The second model we will run to compliment the Random Forest model is an Elastic Net. The Elastic Net is a form of regularized regression which uses a combination of the Ridge penalty and the Lasso Penalty. This constraints on the model will help deal with correlation between features and also provide automated feature selection.
We will let caret perform a grid search for the tunable parameters alpha (which will decide which mix of these models to perform: alpha = 0 means a pure Ridge Model, while alpha = 1 means a pure Lasso Model) and lambda (the scale of the penalty to be applied in the objective function).
set.seed(123)
en_grid <- expand.grid(
alpha = c(0.7,0.75,0.8,0.85,0.9,0.95,1),
lambda = seq(0,0.001, by = 0.00005)
)
elastic_net <- train(
SalePrice ~ .,
data = baked_train1,
method = "glmnet",
trControl = train_control,
tuneGrid = en_grid
)
ggplot(elastic_net) +
geom_vline(aes(xintercept = elastic_net$bestTune$lambda), linetype = "dashed",
size = base_size/15) +
my_theme(type = "discrete") +
labs(title = "Model Tuning - Elastic Net")
The model tuning performed resulted in a RMSE of 0.0126309. The alpha parameter equals 1, and lambda equals .
Alpha = 1 means that a Lasso penalty was performed but a Ridge penalty wasn’t. That means that model tuning made our Elastic Net effectively a LASSO Model.
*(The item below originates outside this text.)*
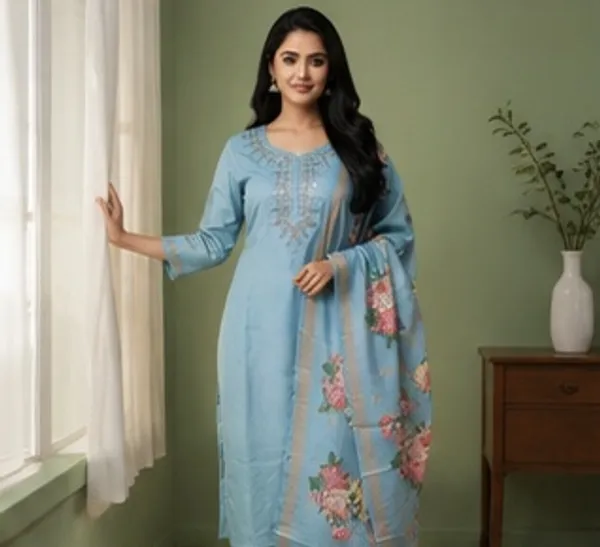 Blue_Floral_Printed_Straight_Kurta_Set_For_Women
predictions$en_pred <- predict(elastic_net, newdata = baked_train1)
predictions <- predictions %>%
mutate(en_pred = exp(1)^yeo.johnson(en_pred, lambda = lambda, inverse = TRUE))
fitted_values_plot(predictions, x = en_pred)
predictions <- predictions %>%
mutate(en_residuals = SalePrice - en_pred)
residual_analysis(df = predictions, fitted = en_pred, resid = en_residuals)
By plotting model results and model residuals, we can observe that our model made some gross overestimations that resulted in a left-skewed distribution of residuals.
Combining the Elastic Net Model with the previous tree-based models will improve the generalization power of our model, since linear models are low-variance, high bias models.
Now, we list the models and take a look at their response correlations.
model_list <- c(rf_model, elastic_net, xgb_model5)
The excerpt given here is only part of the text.